Monday, September 16, 2013

Director 'may' be held liable for the penalty imposed upon the Company

Today, Delhi High Court has pronounced a judgment (Ved Prakash v. Union of India & Ors.) wherein an issue, regarding the liability of director for the acts of the company, had arisen. One significant question that had arisen in the petition was - whether the penalty imposed upon the Company can be recovered from its Directors?

Facts: The petitioner, in the instant case, claimed to be the Director of M/s. Hitkari China Limited (“Company”). The Company, in 1997, received an advance licence for import of certain goods subject to the condition that the company would fulfil the export obligations of Rs. 1,24,25,099/-. Since the company failed to discharge this obligation of export, a penalty of Rs. 2,51,81,335/- was imposed on it. When penalty was not paid, a recovery notice was sent to the Govt. of NCT which, in turn (via. Asst.
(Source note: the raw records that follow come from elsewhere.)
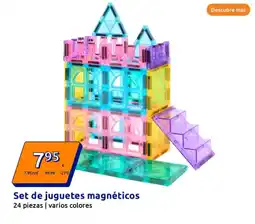 Action Set de juguetes magnéticos oferta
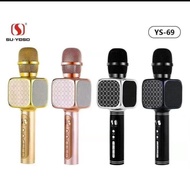 Ys69 Bluetooth Karaoke Mic Bluetooth Microphone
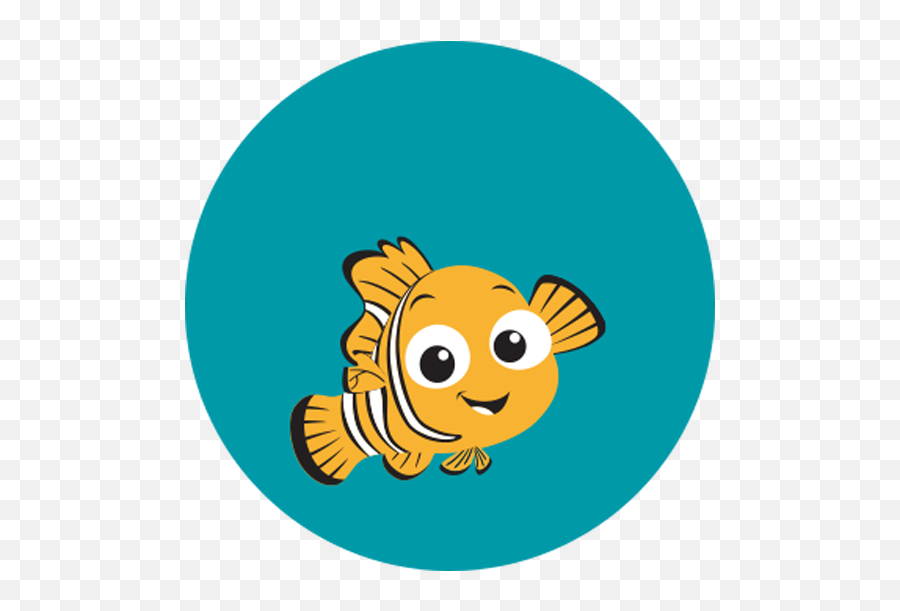 Nemo - Nemo Fish Name Tag Emoji,Finding Nemo Emoticons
Collector), issued a notice to four persons (including the petitioner) requiring them to deposit the amount of Rs. 2,51,81,335/-. It is this notice against which the petitioner filed this writ petition before the Delhi High Court.
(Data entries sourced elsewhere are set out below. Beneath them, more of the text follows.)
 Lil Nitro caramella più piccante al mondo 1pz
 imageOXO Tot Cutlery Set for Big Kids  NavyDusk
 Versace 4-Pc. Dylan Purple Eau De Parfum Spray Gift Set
Issues and Finding of the Court

Section 11 of the Foreign Trade (Development and Regulation) Act, 1992 (“Act”) provides that no export or import shall be made except in accordance with the provisions of the Act. Further, Section 11 also makes one liable who makes or abets or attempts to make any export or import in contravention of any provision of this Act or any rules or orders made thereunder or the export and import policy. Section 14 of the Act requires that no order of penalty or of adjudication of confiscation shall be made unless an opportunity of representation has provided to the concerned person. In the light of these provisions, it had to be decided  in the instant case whether the directors of the company can be made liable.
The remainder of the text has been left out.